I thus strongly encourage the authors to focus on such critical aspects in future studies to provide a thorough scientific benchmark for future applications of the model. This is more a comment than a suggestion for modifying the current publication.Small points:
Page 7, line 184: What exactly do you mean by "pushed back"? The standard approach in Lagrangian models is that particles are reflected. "Pushing back" likely leads to accumulation of air parcels at the surface or upper boundary of the model.
Page 9, line 250: Shouldn't it be | phi | > phi_max? Same issue on the next line on page 10.
Page 15: Convection is parameterized in an overly simplified way, since e.g. deep convection does not at all lead to uniform vertical mixing. It would be good to mention (and to consider) more advanced approaches such as Forster et al. (2007, https://doi.org/10.1175/JAM2470.1).
Page 18: Also dry deposition is described in a highly simplified way.
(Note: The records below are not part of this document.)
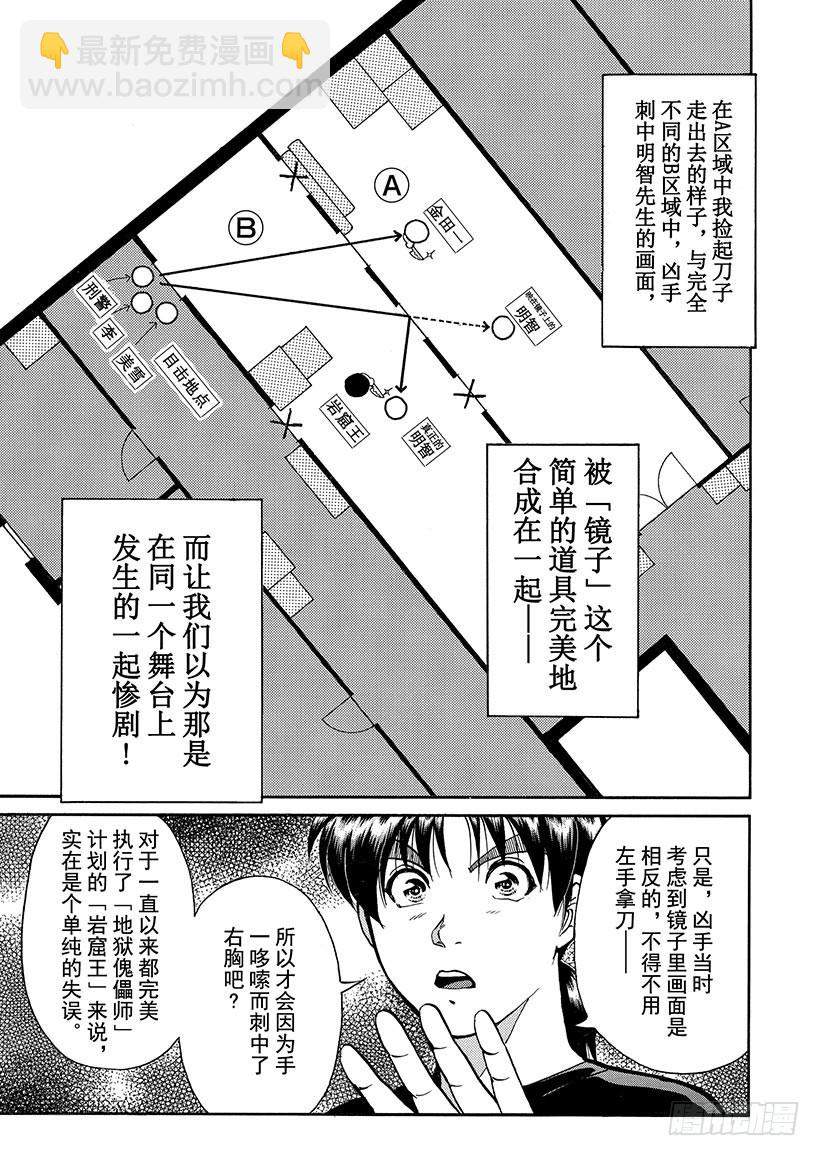 金田一少年敢死之行⑫-第279话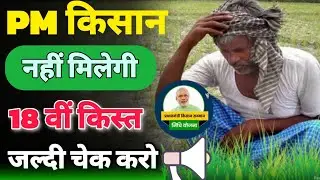 PM kisan 18th installment date 2024 | pm kisan samman nidhi ekyc kaise kare | ekyc kaise kare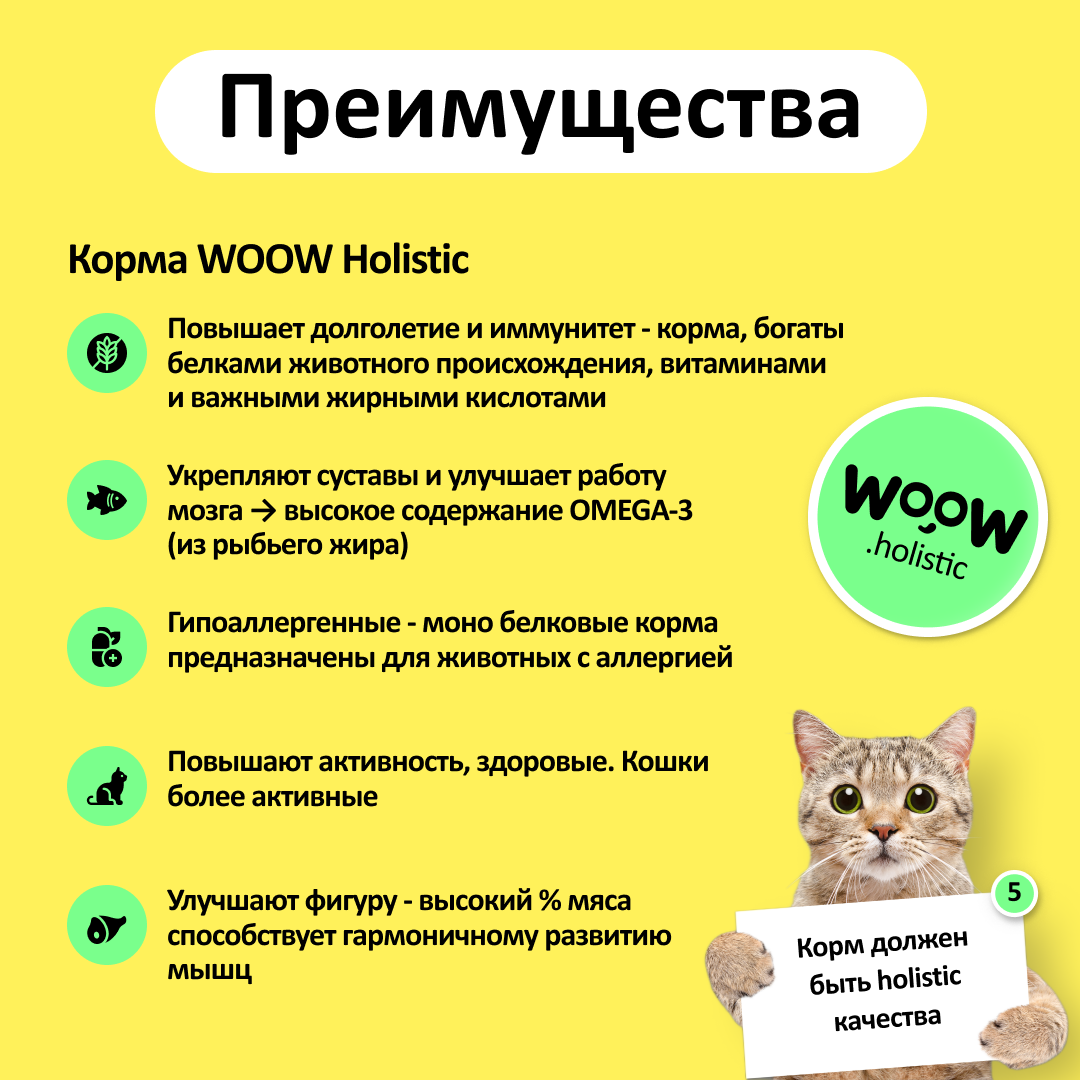 Влажный корм для кошек WOOW 1.2 кг (полнорационный) - фото 7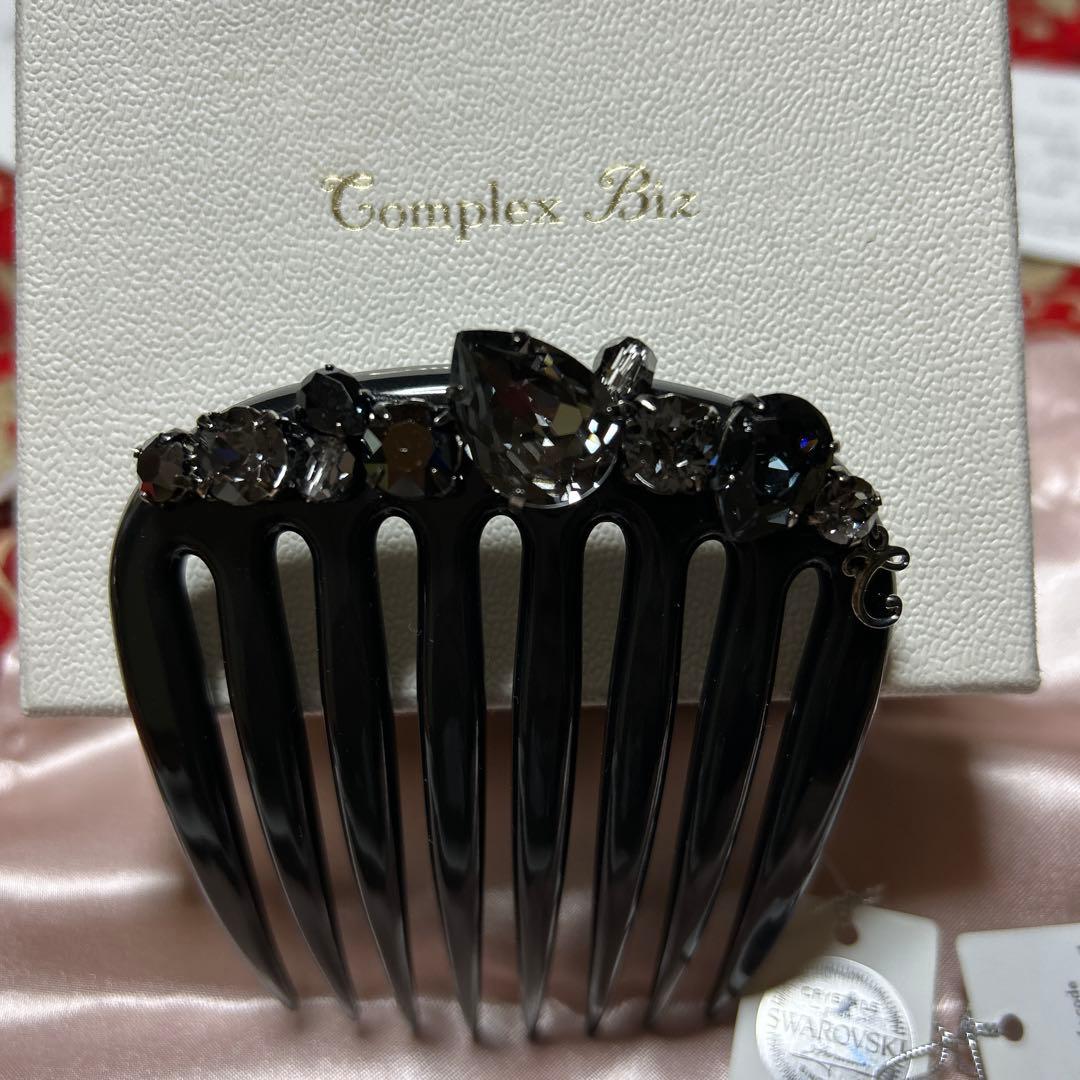 SWAROVSKI ブラック ヘアコーム ピア97 HSK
Dry deposition does not only depend on particle or gas properties but also on the state of the atmosphere (in addition to surface properties). Also here it should be mentioned that more advanced approaches for Lagrangian models exist, e.g. Webster and Thomson (2012, https://doi.org/10.1504/IJEP.2011.047322).
Page 30: Which number of compute cores of the GPU is the most relevant number for MPTRAC? Is it the number of FP32 or FP64 cores? Later it becomes clear that it is the latter. Is double precision really needed? Did you test MPTRAC with single precision?
Figure 7: The differences between GPU and CPU simulations presented in panels b), d) and f) are likely due to statistical noise. This could be shown by performing multiple CPU simulations with different random seeds and evaluate the differences in the same way as the differences between CPU and GPU.
Section 3.7: I didn't quite understand this scaling test. Why does the runtime shown in Fig. 11 not decrease with the number of MPI tasks? What is the difference between a weak and a strong scaling test?
Small corrections and typos:
Page 11, Line 272: Change to "The following choices are made .."
Page 23, Line 500: shouldn't it be "interpreting" rather than "interpolating"?
Page 30, line 678: "MPTRAC was build" -> "MPTRAC was built"
Page 40, line 830: "33% if the overall runtime" -> "33% of the overall runtime"
Page 40, line 857: It should be Figs. 10a and b rather than 9a and b.